Kadang-kadang, hidup dapat terasa mencekik seperti kurungan empat tembok dalam ruangan rumah sakit. Kita menghabiskan hidup kita membangun “tembok”. Kita mengejar impian dan keberhasilan dunia. Tetapi pada akhirnya, kadang-kadang tembok yang kita kira akan melindungi diri kita, pada akhirnya menjadi tembok-tembok yang mengurung kita menuju keputusasaan.
Apakah nilai pengharapan? Pernahkah Anda merenungkan tentang apakah yang ada di luar tembok-tembok dunia ini?
“Karena Dialah damai sejahtera kita, yang telah mempersatukan kedua pihak dan yang telah merubuhkan tembok pemisah.” (Ef. 2:14)
Oleh karena kasih-Nya yang ajaib, Allah mengutus Anak-Nya, Yesus Kristus, untuk disalibkan agar melalui kematian-Nya, Ia mendobrak tembok pemisah antara kita dengan Allah.
“Karena begitu besar kasih Allah akan dunia ini, sehingga Ia telah mengaruniakan Anak-Nya yang tunggal, supaya setiap orang yang percaya kepada-Nya tidak binasa, melainkan beroleh hidup yang kekal.” (Yoh. 3:16)
Kalau kita menaruh pengharapan dan iman kita pada janji-Nya akan dunia yang lebih baik di luar dari dunia yang sekarang ini kita diami, kita akan mendapatkan damai sejahtera di hati kita, sehingga baik maut ataupun penderitaan hidup ini tidak lagi menakutkan bagi kita.
“Siapakah yang akan memisahkan kita dari kasih Kristus? Penindasan atau kesesakan atau penganiayaan, atau kelaparan atau ketelanjangan, atau bahaya, atau pedang? Sebab aku yakin, bahwa baik maut, maupun hidup, baik malaikat-malaikat, maupun pemerintah-pemerintah, baik yang ada sekarang, maupun yang akan datang, atau kuasa-kuasa, baik yang di atas, maupun yang di bawah, ataupun sesuatu makhluk lain, tidak akan dapat memisahkan kita dari kasih Allah, yang ada dalam Kristus Yesus, Tuhan kita.” (Rm. 8:35, 38-39)
Apabila kita menyadari bahwa umur hidup kita di bumi paling-paling tujuh puluh atau delapan puluh tahun, mengapa beberapa orang dapat menerimanya dengan penuh keyakinan?
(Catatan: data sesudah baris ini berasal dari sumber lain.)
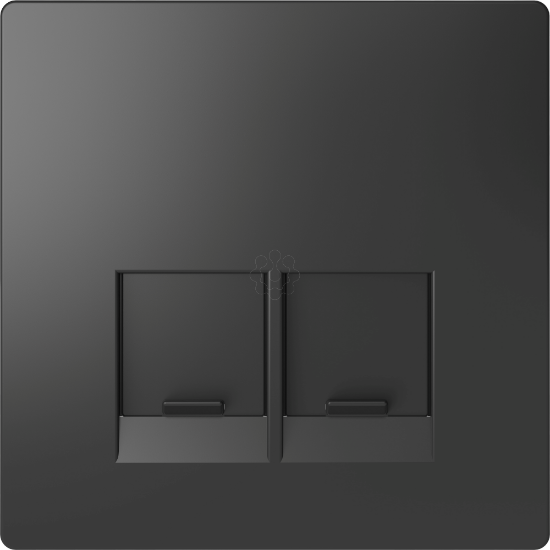 Imagem de D-Life - Centro de tomada RJ45 dupla - Antracite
Mereka menerimanya, karena mereka mempunyai pengharapan akan sesuatu yang lebih baik; mereka menyadari bahwa akhir jalan hidup di dunia ini adalah awal mula hidup yang baru – di mana kita dapat memulai hari yang baru bersama Dia yang mengasihi kita.
“Dan Ia akan menghapus segala air mata dari mata mereka, dan maut tidak akan ada lagi; tidak akan ada lagi perkabungan, atau ratap tangis, atau dukacita, sebab segala sesuatu yang lama itu telah berlalu.” (Why. 21:4)
Saya pikir, Robert mempunyai gagasan yang benar – ia mengharapkan sesuatu yang lebih baik; yaitu pulang ke rumah.